When testing this for a new query (with the original corpus and dictionary), everything seems fine for the first load.

ques_vec = [dictionary.doc2bow(words) for words in data_words_list]
for i, row in enumerate(lda[ques_vec]):
    row = sorted(row, key=lambda x: (x[1]), reverse=True)

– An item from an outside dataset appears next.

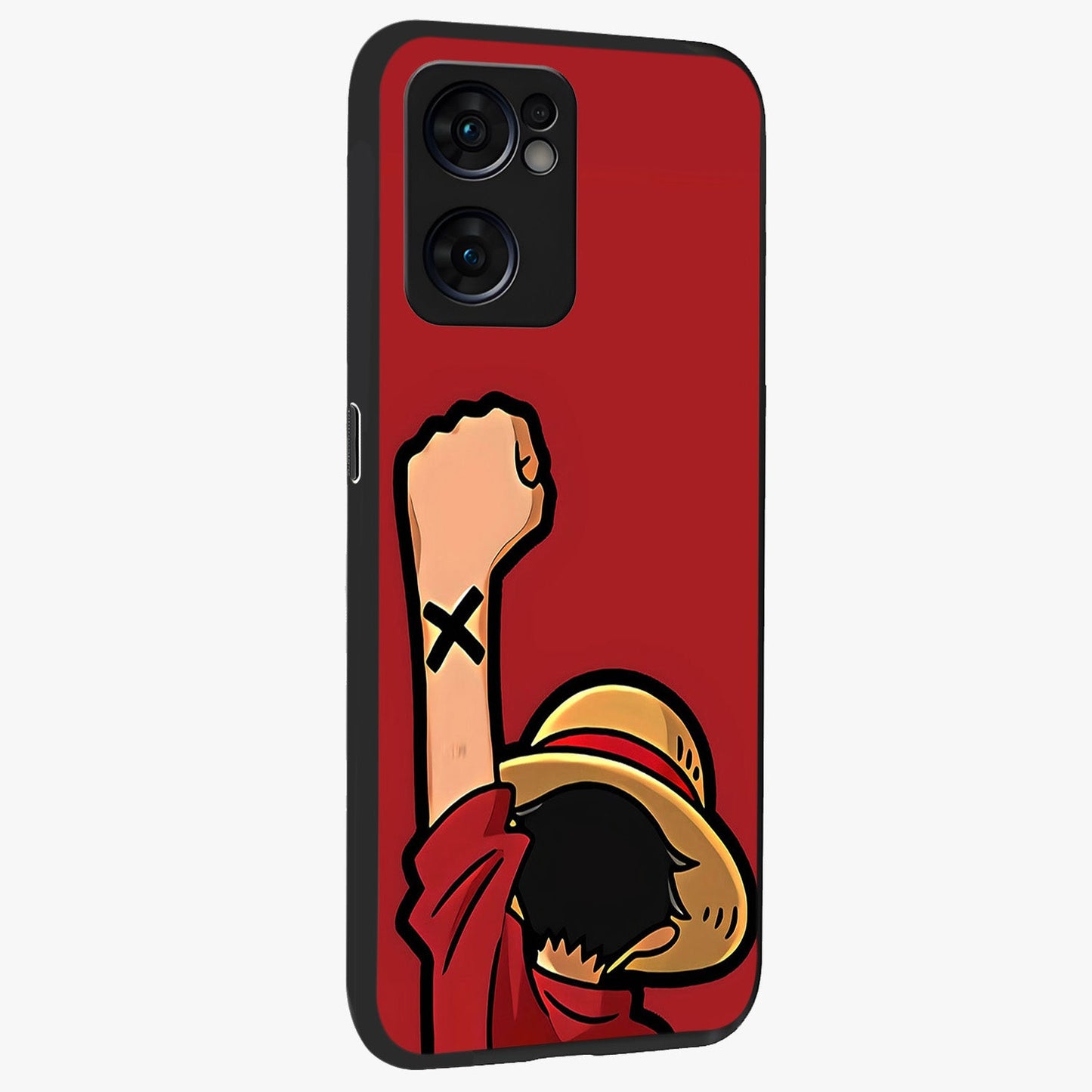 Luffy X Spirit Glass Case upright view showcasing striking anime artwork with adventurous character theme.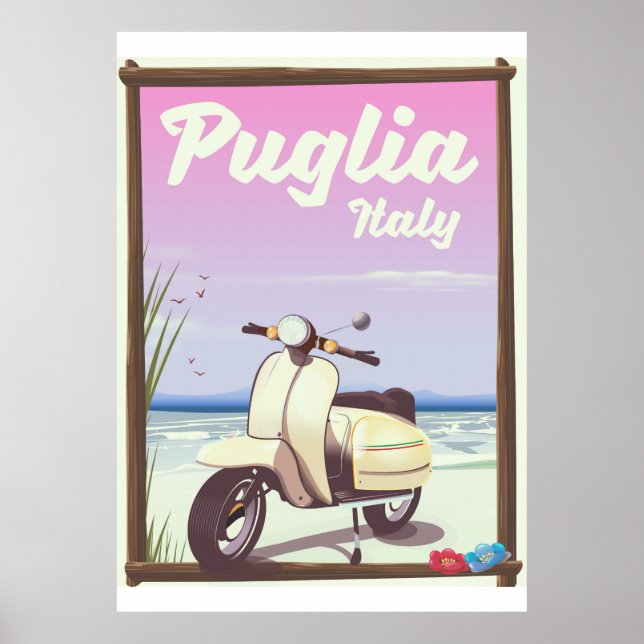 Póster Cartaz de viagem Puglia Itália. (Frente)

On executing the same code afterward, it is this error that pops up:

java.io.FileNotFoundException: /tmp/9f371_corpus.mallet (No such file or directory) at java.io.FileInputStream.open0(Native Method) at java.io.FileInputStream.open(FileInputStream.java:195) at java.io.FileInputStream.(FileInputStream.java:138) at cc.mallet.types.InstanceList.load(InstanceList.java:787) at cc.mallet.classify.tui.Csv2Vectors.main(Csv2Vectors.java:131) Exception in thread "main" java.lang.IllegalArgumentException: Couldn't read InstanceList from file /tmp/9f371_corpus.mallet at cc.mallet.types.InstanceList.load(InstanceList.java:794) at cc.mallet.classify.tui.Csv2Vectors.main(Csv2Vectors.java:131) Traceback (most recent call last): File "topic_modeling1.py", line 406, in topic = get_label(text, id2word, first, ldamallet) File "topic_modeling1.py", line 237, in get_label for i, row in enumerate(lda[ques_vec]): File "/home/user/sjha/anaconda3/envs/conda_env/lib/python3.6/site-packages/gensim/models/wrappers/ldamallet.py", line 308, in getitem self.convert_input(bow, infer=True) File "/home/user/sjha/anaconda3/envs/conda_env/lib/python3.6/site-packages/gensim/models/wrappers/ldamallet.py", line 256, in convert_input check_output(args=cmd, shell=True) File "/home/user/sjha/anaconda3/envs/conda_env/lib/python3.6/site-packages/gensim/utils.py", line 1806, in check_output raise error subprocess.CalledProcessError: Command '/home/user/sjha/projects/topic_modeling/mallet-2.0.8/bin/mallet import-file --preserve-case --keep-sequence --remove-stopwords --token-regex "\S+" --input /tmp/9f371_corpus.txt --output /tmp/9f371_corpus.mallet.infer --use-pipe-from /tmp/9f371_corpus.mallet' returned non-zero exit status 1.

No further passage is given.